Politically, Owens’ fate rests in the hands of Gov. Phil Bredesen or more likely his successor.

The State of Tennessee is a staunchly pro-death penalty state that has executed four men since capital punishment was reinstated in the United States in 1976 — three of them under Bredesen including the controversial electrocution of Daryl K. Holton last year. Nationally, there have been 1,136 executions in that same time frame. Only 11 of those executed have been women. There are currently 87 people on death row in Tennessee, two of them are women.

In many cases, executing a woman has tested the resolve of proponents of state executions, perhaps none more so than the 1998 execution of Karla Faye Tucker in Texas.

Tucker became a cause célèbre despite having been convicted of killing another woman with a pickaxe. Prominent figures from then-Speaker of the House Newt Gingrich to televangelist Pat Robertson championed her cause and asked then Texas Gov. George W. Bush to commute her sentence. Bush let the execution go through on Feb. 3, 1998.

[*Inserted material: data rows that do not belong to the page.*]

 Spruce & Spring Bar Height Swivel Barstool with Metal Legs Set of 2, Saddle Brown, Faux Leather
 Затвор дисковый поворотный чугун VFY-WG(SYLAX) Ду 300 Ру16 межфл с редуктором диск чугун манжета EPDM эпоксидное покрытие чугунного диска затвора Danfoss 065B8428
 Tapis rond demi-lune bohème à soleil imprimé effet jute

Did conservatives like Gingrich and Robertson support clemency because Tucker had become a devout Christian while incarcerated or because they believed that she had been reformed? Many men who have walked the “last mile” have claimed religion and reform before their demise, without the support of God’s gatekeepers. Was their support forthcoming because it involved executing a woman? In the decade since Tucker’s execution the questions remain.

There is no question that Owens is guilty of murder-for-hire. She had been willing to accept a plea bargain originally offered to her by prosecutors if she and her accomplice Porterfield pleaded guilty and accepted a sentence of life without parole. Porterfield rolled the dice and rejected the offer, landing them both on death row.

Still, Rector and others maintain the problems they see in the Owens case are reflected in most of Tennessee’s death row cases.

“The case of Gaile Owens is a tragic story of abuse and murder which has caused her family and community great suffering,” Rector said. “At the same time, Owens sentence is also very problematic given the lack of adequate representation she received at trial as well as the prosecutor’s failure to turn over important evidence to the defense. Even more troubling, the problems highlighted in this case are not isolated ones since many of the other nearly 100 individuals on Tennessee’s death row have similar issues in their cases.”

The case will continue to wind through the legal process and judges will ponder Owens’ fate as well as the future of Tennessee’s lethal injection procedure. Meanwhile, Bredesen and every possible candidate for governor in 2010 will have to decide what they will do if the courts put the final decision in their hands.